I am an alumnus of SIUC’s Ph.D. program in philosophy. I am writing to urge you to continue full support for the Center for Dewey Studies. I understand that the center has been asked to prepare a budgetary plan for a reduction of its support by 50 percent. Were that reduction to be applied, it would incapacitate the center. That would be a truly terrible mistake.
The Center for Dewey Studies is one of the jewels of SIUC. As I said in a recent interview with the Daily Egyptian, it is simply the best resource in the world of its kind. John Dewey’s work remains deeply important. Presently, Penguin Books is in contract negotiations with me to release a collection of Dewey’s public writings, in part because of help I received from the center, its director, and its relationship with the SIU Press. Dewey was America’s greatest public philosopher, and next year marks the 100th anniversary of his master work, Democracy and Education. There is also a burgeoning movement in public philosophy for which Dewey is the exemplar to whom people will be looking with increasing interest. This is not the time to cut support for the center, but to increase it.
The Center for Dewey Studies is one of the premier programs at SIUC. It’s the reason I came to SIU for graduate school when other places were making me competing offers. SIUC is special for its unique strengths in American philosophy, and it is known around the world for that reputation. The central reasons for that reputation are the work of the Center for Dewey Studies and the faculty’s remarkable strengths in that area, bolstered by the center.
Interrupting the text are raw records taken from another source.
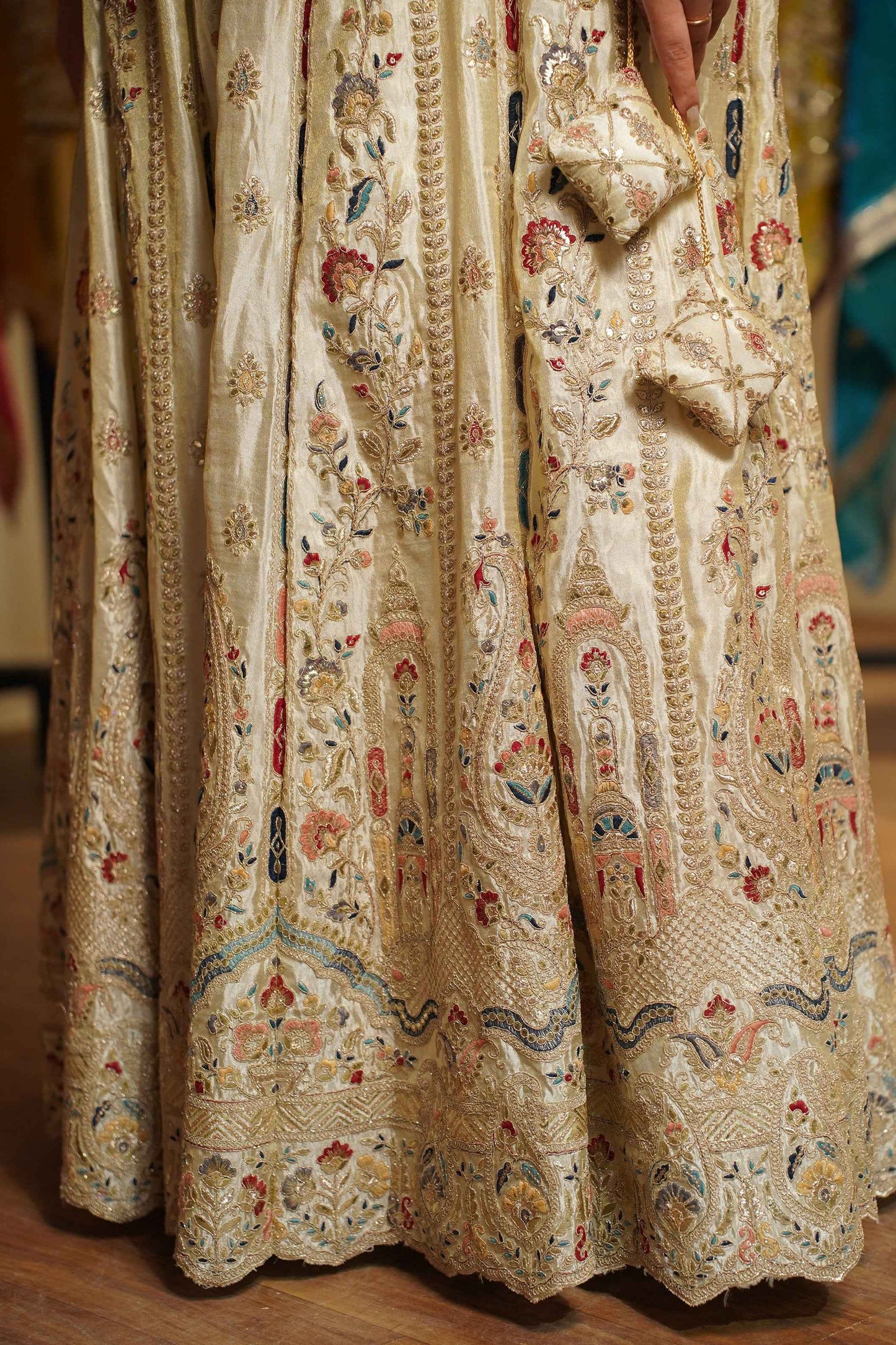 Zareen Ivory Tissue Lehenga With Zari Embroidery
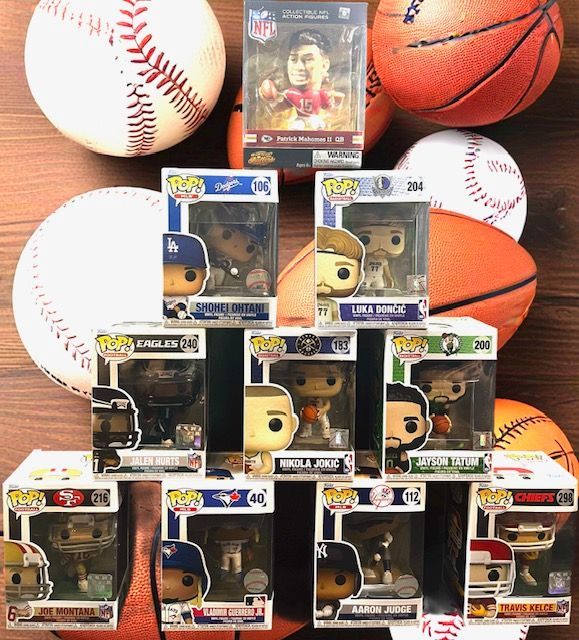 A collection of Funko Pop sports figures in boxes, arranged in a pyramid on top of various baseballs and basketballs.
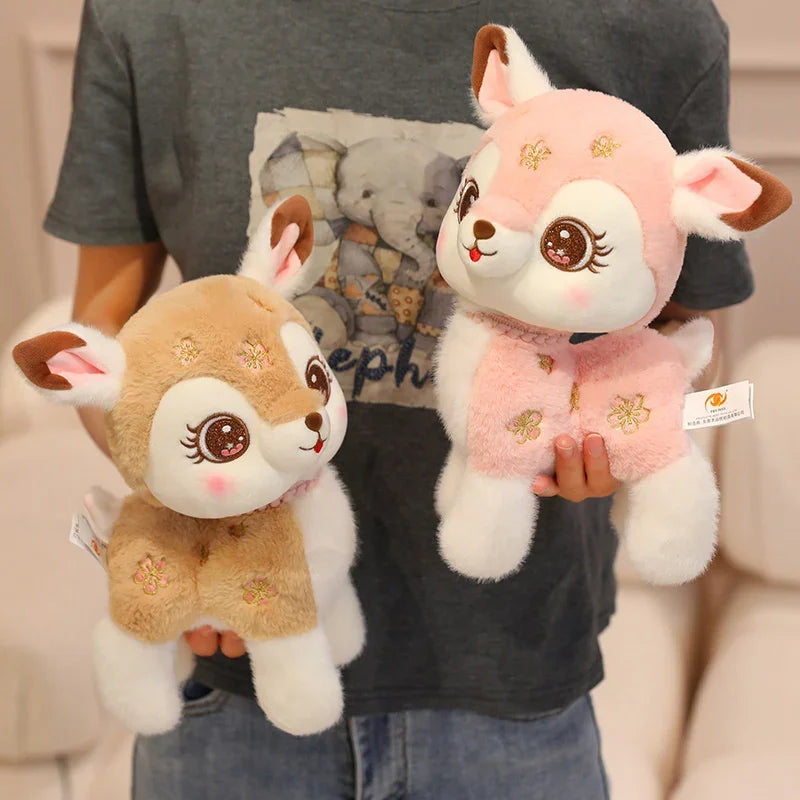 Two plush deer toys held by a person, one pink and one brown, with visible brand tags.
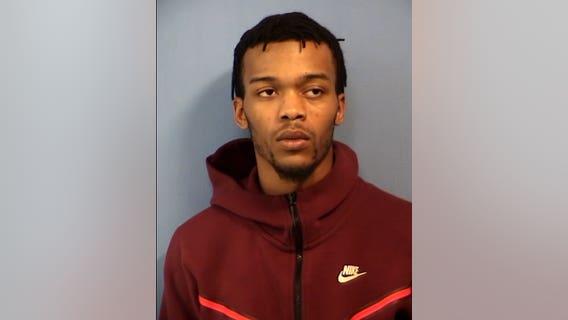 Oswego man arrested after police find automatic machine gun in vehicle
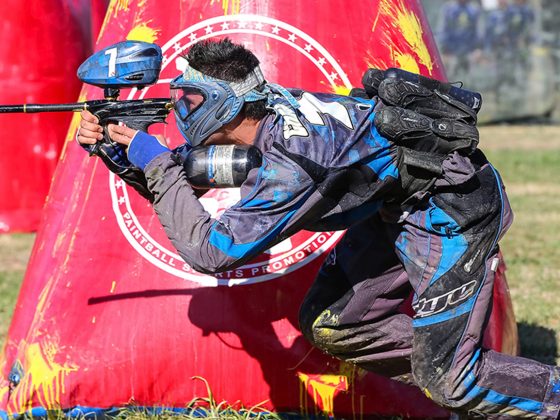 person taking a shot at paintball
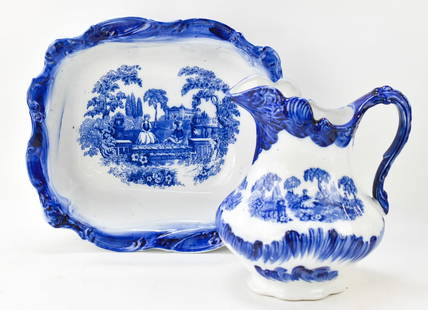 STAFFORDSHIRE "ROMANTIC" FLOW BLUE PITCHER & BASIN: Two pieces of 1970s or later Blakney Pottery of Staffordshire "Romantic" pattern flow blue ironstone pitcher and basin. The pitcher measures 11" H x 10" W x 8" D, and the basin is 5" H x 15" W x 13" D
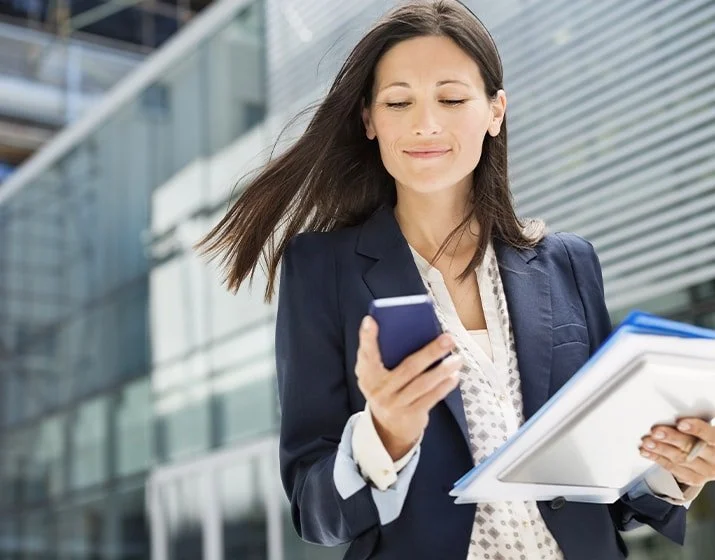 Business woman happily looking at a notification on her phone.
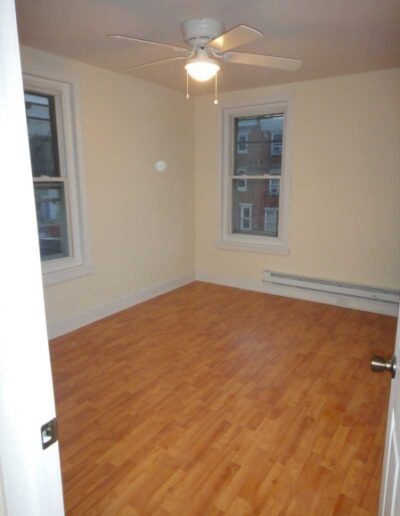 An empty room with hardwood floors and a ceiling fan.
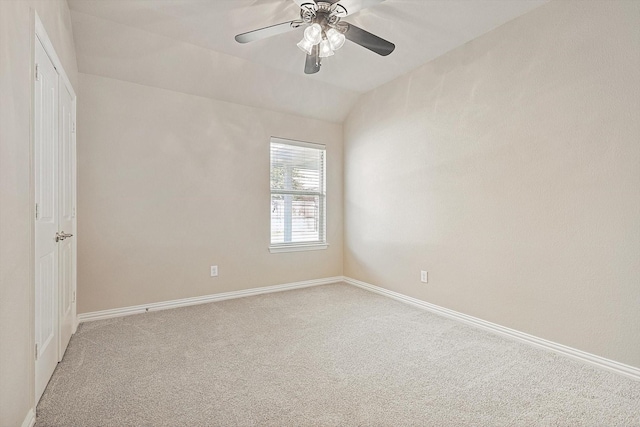 spare room with carpet flooring, ceiling fan, and vaulted ceiling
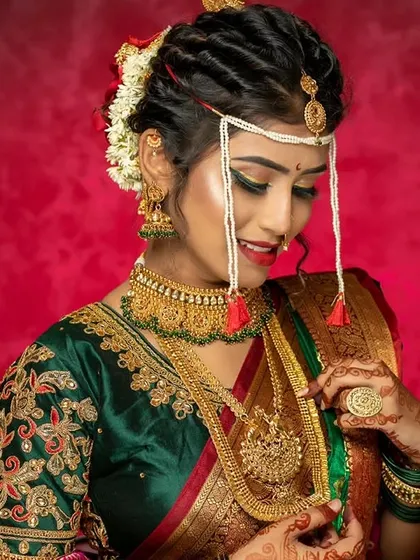 Another angle of this gorgeous Maharashtrian bride, showcasing the complete look with her hair, makeup, and jewellery. Our students learn to create a cohesive and balanced bridal style.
Compared with any other element of a university campus, the Center for Dewey Studies must be by an incredible margin the very cheapest initiative of profound excellence at the university. It would be immensely unwise to cripple the center with drastic cuts, when they are down to the bare budgetary essentials to keep afloat.
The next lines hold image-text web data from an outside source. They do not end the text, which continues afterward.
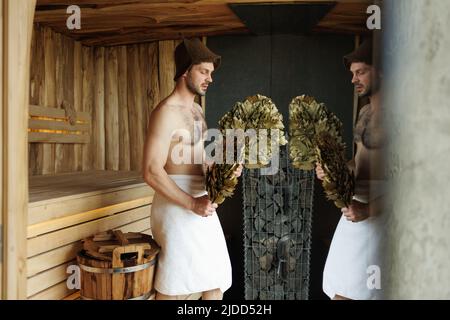 Handsome man with an attractive body enjoys relaxing in the sauna Stock Photo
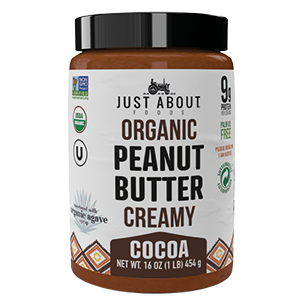 creamy peanut butter with cocoa in jar by Just About Foods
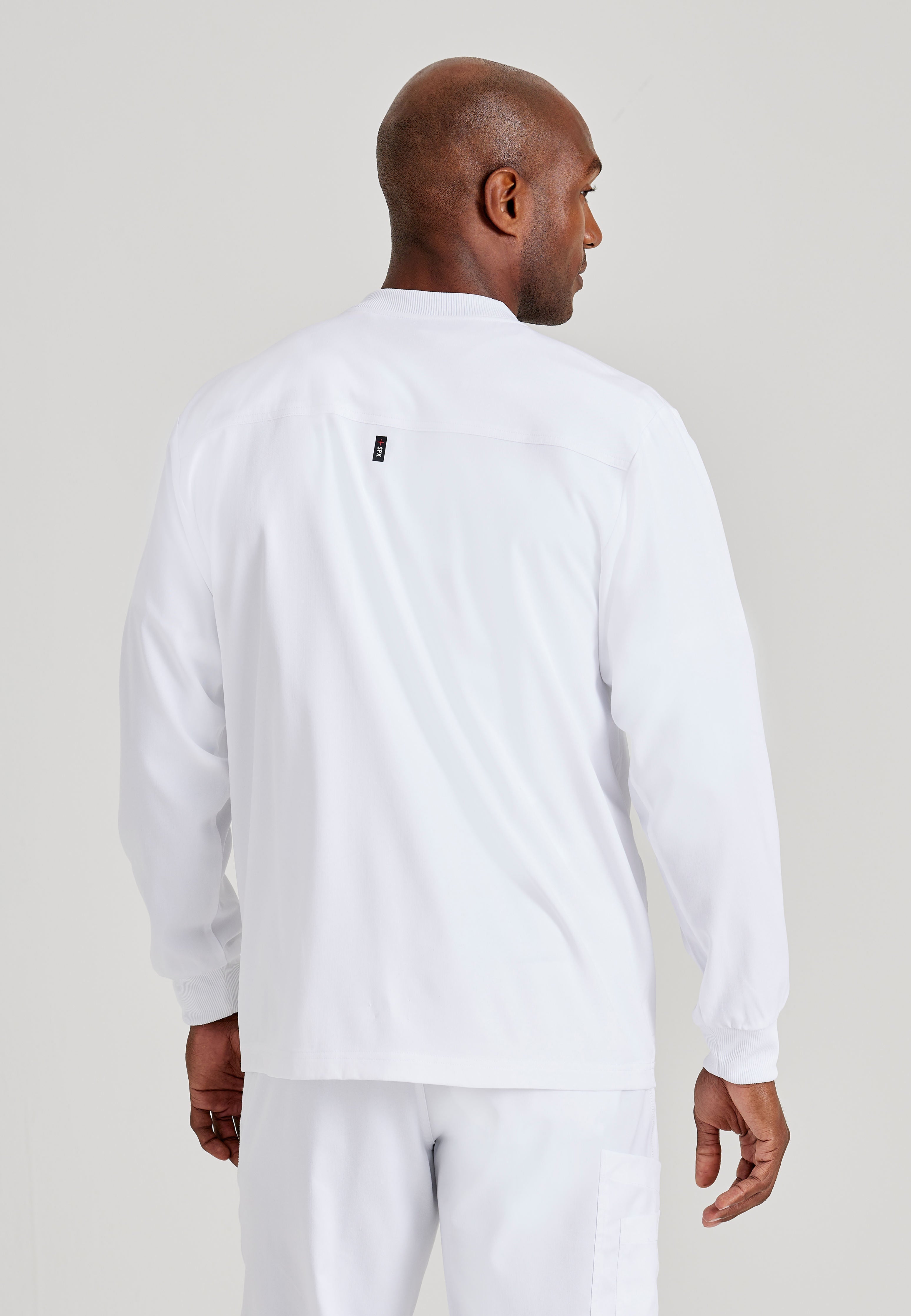 Grey's Anatomy Spandex-Stretch Men’s white Warm-Up Scrub Jacket. Zip front with chin guard. Ribbed sleeve cuffs. 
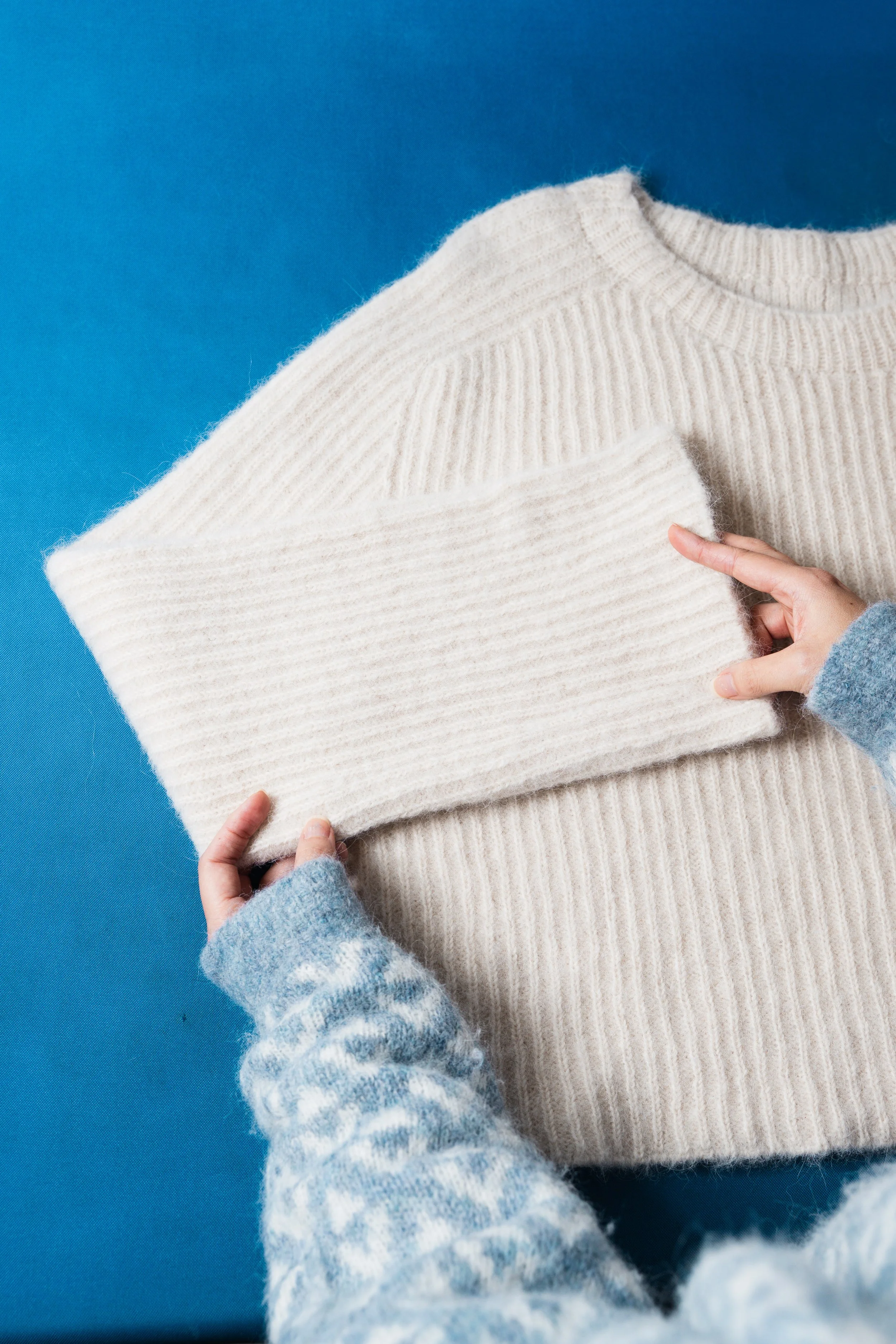 Produktfotografering av kvit strikkegenser mot blå bakgrunn, med fokus på tekstur og detaljar – visuelt innhald for bedrifter.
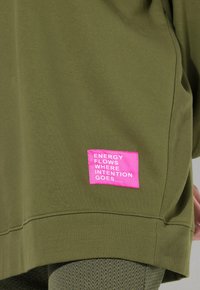 Sweatshirt vert olive en tissu doux, avec un patch rectangulaire rose portant le texte "L'ÉNERGIE FLU D'OÙ L'INTENTION VA" sur le bas.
Please preserve this cherished resource at SIUC, which fundamentally depends on the Dewey Center staff. Materials do not preserve, catalog, edit, or collect themselves. The delicate and important work of the Center for Dewey Studies is priceless, even though the requested price tag is so small. The proposed savings would be minuscule already for a major research university. It cannot make sense to debilitate a remarkable center of excellence for a $20,000 savings at an institution whose operating budget exceeds $430 million. As you consider what is best for the university, the only sensible steps forward must include serious support for its truly excellent programs, like the Center for Dewey Studies.